Friday, April 15, 2011

Applying IEnumerable to chunked IEnumerable in F# -- Cipher Feedback mode

Having developed the supporting infrastructure to pull data from any IEnumerable into a sequence fixed length buckets, we can now apply it to some practical use. One such is to perform encryption of an input byte sequence in a block-cipher feeback (CFB) mode.

CFB mode is so simple, it almost feels like cheating. Given an initialization vector (IV) -- an arbitrary block of bytes -- as the 0-th ciphertext block, the iterative definition is that the n-th ciphertext block is the encrypted value of the n-1-th block XOR'd with the n-th plaintext block; and by the symmetry of XOR, the n-th plaintext block is recovered from the n-th ciphertext block by the same XOR.
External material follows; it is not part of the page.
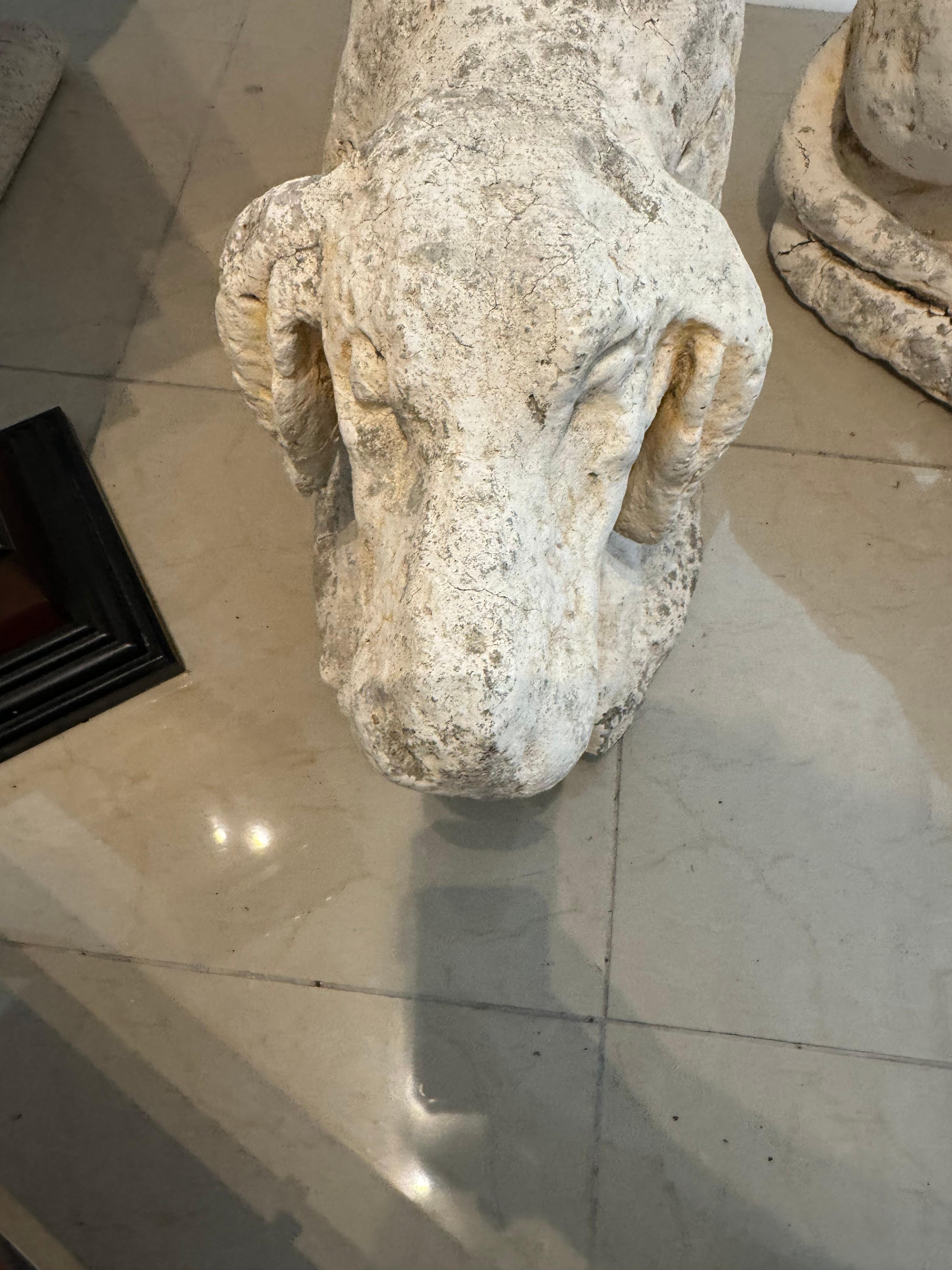 Estas encantadoras esculturas de perro destacan por su pátina única. Esculpidas a mano con hormigón y reforzadas con barras de refuerzo, estas piezas muestran detalles intrincados, como la barra de refuerzo visible en el perro que se rasca la oreja.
So, let's implement it, and do a simple test that we can easily work out the cipherstream for -- and doesn't actually involve real encryption. So let's take 128-bit blocks, all zeros for the IV, and the identity transformation for our "encryption", and have the integers 0 to 41 as input.

The first ciphertext block will be all zeroes (IV encrypted) XOR'd with 0-15, i.e. 0-15. That XORs with 16-31 to give a second block of all 16s; the final block is 32-41 XORd with 16s, i.e. 48-57.

So, armed with expectations we can write the implementation with appropriate self-test code, thus --

where I've renamed the previous private Ratchet class to the public StreamingSequence type -- a more self-explanatory name for possible re-users; and exposed the Dispose method of the constant (reference, mutable internal state) IEnumerator for end-of-enumeration use.

Here, Seq.collect is being used to flatten the sequence after the block-level operation has been done.

CFB mode is so simple that -- having already done the hard work of breaking any sequence into blocks -- the only thing that stopped the test running through first time was forgetting to re-initialize the CFB operation for the decryption pass.

Actually, the decryption operation shouldn't be working -- but somehow it does, even when I push in random input, and replace the identity encryption operation with a one-way hash! Something weird is going on here.


Carsten said...

just some short comments.

If you have something like an uncurry operator (see for example you can make (^) much easier by replacing "(fun x -> (fst x ^^^ snd x))" with "(uncurry (^^^)".

I think it might be Fsharper ;) if you would use tail-recursion instead of ref-cells in CfbEncrypt.

Steve Gilham said...

The cfb operation could be cast as tail-recursive byte[] -> byte[]; but at the cost of accumulating all the input in memory and having to reverse it (or doing O(n^2) appends-to-end) within the function call.

Hiding state via closure inside the function returned from CfbEncrypt -- making it no longer a pure function -- preserves the pipeline behaviour : you can pull one block at a time through the process, requiring constant space whatever the sequence length.

Steve Gilham said...

That should be

"tail-recursive byte[] seq -> byte[] seq"

of course.